Your instructions →
Some entries follow. Reproduce exactly the lines starting at the one with "Personalized Easter Tie" and stopping after the one with "Manteiro, o mascote".

---------------

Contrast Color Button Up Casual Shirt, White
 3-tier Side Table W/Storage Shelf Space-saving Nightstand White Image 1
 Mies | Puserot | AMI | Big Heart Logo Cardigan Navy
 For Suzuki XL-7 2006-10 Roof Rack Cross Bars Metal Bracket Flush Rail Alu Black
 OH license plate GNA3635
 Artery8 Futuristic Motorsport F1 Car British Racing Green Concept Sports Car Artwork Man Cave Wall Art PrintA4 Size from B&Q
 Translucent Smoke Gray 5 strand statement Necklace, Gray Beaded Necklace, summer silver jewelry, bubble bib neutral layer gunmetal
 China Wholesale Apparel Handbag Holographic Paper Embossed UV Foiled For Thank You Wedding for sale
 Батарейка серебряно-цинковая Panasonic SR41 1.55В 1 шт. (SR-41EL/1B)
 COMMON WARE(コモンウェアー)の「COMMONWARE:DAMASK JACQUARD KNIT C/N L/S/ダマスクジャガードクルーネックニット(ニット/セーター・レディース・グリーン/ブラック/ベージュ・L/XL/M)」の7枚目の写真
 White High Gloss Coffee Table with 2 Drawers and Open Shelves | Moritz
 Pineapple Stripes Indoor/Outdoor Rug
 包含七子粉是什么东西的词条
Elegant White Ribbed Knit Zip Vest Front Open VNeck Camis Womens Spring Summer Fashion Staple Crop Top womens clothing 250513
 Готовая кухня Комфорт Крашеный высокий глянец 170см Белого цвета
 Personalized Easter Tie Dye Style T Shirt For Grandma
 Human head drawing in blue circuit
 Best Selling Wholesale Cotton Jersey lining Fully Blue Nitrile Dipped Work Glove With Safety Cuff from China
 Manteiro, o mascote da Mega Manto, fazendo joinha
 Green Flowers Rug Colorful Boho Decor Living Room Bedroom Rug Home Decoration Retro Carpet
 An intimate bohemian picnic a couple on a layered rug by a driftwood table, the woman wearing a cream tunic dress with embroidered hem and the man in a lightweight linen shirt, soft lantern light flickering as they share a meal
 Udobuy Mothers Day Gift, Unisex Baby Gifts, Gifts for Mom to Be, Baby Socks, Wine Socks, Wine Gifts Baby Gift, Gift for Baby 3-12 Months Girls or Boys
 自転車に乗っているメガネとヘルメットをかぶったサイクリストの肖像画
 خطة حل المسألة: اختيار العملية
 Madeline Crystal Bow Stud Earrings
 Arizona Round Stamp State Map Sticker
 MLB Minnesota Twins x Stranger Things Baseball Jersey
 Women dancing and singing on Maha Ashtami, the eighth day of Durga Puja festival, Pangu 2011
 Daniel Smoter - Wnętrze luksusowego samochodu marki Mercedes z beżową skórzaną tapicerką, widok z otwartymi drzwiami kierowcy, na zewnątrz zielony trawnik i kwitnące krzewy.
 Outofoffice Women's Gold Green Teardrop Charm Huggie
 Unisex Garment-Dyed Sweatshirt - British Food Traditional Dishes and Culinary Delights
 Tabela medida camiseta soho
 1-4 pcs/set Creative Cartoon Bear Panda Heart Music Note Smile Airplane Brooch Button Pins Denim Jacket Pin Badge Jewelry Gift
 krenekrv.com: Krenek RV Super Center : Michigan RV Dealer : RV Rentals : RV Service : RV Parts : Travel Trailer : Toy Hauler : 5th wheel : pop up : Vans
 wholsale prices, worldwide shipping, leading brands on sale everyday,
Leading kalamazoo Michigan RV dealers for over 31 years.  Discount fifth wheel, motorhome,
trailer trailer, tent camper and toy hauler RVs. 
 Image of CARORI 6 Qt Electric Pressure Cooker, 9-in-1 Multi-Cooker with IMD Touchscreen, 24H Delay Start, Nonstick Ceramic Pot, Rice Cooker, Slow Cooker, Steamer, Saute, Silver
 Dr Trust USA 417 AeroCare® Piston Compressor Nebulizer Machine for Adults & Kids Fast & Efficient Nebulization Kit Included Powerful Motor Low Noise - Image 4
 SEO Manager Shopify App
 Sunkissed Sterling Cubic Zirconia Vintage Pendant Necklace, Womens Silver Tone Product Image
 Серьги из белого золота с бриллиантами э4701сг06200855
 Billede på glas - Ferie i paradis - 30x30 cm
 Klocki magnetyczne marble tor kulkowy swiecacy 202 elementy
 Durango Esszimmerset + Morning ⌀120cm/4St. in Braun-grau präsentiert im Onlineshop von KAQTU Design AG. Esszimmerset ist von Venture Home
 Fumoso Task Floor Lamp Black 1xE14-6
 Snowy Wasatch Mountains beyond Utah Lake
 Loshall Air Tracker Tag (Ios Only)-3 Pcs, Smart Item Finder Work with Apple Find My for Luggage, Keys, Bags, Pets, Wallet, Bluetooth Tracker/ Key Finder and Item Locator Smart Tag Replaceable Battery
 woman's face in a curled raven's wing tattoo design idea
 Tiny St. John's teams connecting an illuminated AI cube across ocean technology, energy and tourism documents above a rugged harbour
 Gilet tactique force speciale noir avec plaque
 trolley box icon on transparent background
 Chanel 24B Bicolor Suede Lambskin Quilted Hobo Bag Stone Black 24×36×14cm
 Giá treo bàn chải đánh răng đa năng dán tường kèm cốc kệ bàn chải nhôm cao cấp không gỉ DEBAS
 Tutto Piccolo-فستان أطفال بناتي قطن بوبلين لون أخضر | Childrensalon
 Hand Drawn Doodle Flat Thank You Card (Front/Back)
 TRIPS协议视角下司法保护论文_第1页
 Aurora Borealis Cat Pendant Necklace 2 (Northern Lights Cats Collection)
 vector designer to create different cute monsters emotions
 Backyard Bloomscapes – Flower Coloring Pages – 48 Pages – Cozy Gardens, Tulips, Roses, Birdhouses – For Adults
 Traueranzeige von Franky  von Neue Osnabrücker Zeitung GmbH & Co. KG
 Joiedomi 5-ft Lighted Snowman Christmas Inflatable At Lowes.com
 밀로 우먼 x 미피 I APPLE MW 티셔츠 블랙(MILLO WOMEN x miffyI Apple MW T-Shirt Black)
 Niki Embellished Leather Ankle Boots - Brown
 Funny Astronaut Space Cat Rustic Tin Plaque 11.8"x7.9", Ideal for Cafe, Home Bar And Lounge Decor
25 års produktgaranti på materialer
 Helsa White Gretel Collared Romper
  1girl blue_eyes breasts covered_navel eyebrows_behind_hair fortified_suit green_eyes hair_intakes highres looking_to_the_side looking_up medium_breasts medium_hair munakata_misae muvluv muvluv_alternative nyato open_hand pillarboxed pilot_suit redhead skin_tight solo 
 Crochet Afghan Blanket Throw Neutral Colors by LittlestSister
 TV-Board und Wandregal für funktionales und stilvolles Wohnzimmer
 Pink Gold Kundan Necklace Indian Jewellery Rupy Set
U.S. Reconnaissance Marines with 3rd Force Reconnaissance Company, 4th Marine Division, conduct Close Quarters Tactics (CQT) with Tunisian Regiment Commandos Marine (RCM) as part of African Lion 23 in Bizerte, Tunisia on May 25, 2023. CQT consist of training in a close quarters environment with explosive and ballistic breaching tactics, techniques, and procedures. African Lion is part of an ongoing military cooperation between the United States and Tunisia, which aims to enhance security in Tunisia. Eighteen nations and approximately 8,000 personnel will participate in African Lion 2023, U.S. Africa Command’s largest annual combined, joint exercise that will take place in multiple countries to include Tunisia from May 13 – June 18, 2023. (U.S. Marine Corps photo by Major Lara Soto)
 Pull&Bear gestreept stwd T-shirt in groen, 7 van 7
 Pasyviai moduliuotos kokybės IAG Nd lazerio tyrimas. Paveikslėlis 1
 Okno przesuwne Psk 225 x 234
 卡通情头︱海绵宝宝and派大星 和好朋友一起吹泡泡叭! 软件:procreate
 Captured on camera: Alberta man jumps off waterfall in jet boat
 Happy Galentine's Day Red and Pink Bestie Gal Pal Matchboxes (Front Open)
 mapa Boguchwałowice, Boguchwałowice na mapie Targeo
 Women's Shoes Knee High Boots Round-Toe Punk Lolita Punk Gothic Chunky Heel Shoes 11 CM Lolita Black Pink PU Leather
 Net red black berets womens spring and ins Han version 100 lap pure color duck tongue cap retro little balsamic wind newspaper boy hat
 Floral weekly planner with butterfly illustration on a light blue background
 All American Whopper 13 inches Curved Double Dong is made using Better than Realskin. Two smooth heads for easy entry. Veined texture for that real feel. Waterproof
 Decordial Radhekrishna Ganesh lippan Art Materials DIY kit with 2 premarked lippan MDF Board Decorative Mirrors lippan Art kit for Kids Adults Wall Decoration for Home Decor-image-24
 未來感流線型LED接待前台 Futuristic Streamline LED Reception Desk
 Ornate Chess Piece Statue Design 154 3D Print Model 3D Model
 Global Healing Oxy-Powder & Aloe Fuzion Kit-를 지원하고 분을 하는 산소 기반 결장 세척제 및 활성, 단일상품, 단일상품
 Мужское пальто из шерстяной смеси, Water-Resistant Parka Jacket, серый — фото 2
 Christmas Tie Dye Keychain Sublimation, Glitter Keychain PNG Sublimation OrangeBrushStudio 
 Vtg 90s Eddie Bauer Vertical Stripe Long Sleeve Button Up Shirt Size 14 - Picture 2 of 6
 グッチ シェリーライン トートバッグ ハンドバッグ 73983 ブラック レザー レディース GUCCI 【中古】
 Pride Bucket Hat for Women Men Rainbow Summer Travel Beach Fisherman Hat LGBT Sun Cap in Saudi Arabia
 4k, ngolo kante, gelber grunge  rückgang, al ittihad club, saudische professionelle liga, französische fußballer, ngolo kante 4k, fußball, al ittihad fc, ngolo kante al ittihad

---------------

Result →
 Personalized Easter Tie Dye Style T Shirt For Grandma
 Human head drawing in blue circuit
 Best Selling Wholesale Cotton Jersey lining Fully Blue Nitrile Dipped Work Glove With Safety Cuff from China
 Manteiro, o mascote da Mega Manto, fazendo joinha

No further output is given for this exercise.